Content starts

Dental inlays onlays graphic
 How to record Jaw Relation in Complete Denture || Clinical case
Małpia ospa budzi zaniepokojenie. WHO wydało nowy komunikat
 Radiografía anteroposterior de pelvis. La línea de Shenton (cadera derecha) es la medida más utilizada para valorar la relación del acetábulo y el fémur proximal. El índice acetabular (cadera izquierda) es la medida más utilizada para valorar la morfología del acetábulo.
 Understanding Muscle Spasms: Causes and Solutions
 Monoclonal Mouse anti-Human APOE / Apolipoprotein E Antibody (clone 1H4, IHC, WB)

Content ends

* **Goal of the exercise**: The reply should consist of all the records, repeated exactly.

* **Exercise output**:
Dental inlays onlays graphic
 How to record Jaw Relation in Complete Denture || Clinical case
Małpia ospa budzi zaniepokojenie. WHO wydało nowy komunikat
 Radiografía anteroposterior de pelvis. La línea de Shenton (cadera derecha) es la medida más utilizada para valorar la relación del acetábulo y el fémur proximal. El índice acetabular (cadera izquierda) es la medida más utilizada para valorar la morfología del acetábulo.
 Understanding Muscle Spasms: Causes and Solutions
 Monoclonal Mouse anti-Human APOE / Apolipoprotein E Antibody (clone 1H4, IHC, WB)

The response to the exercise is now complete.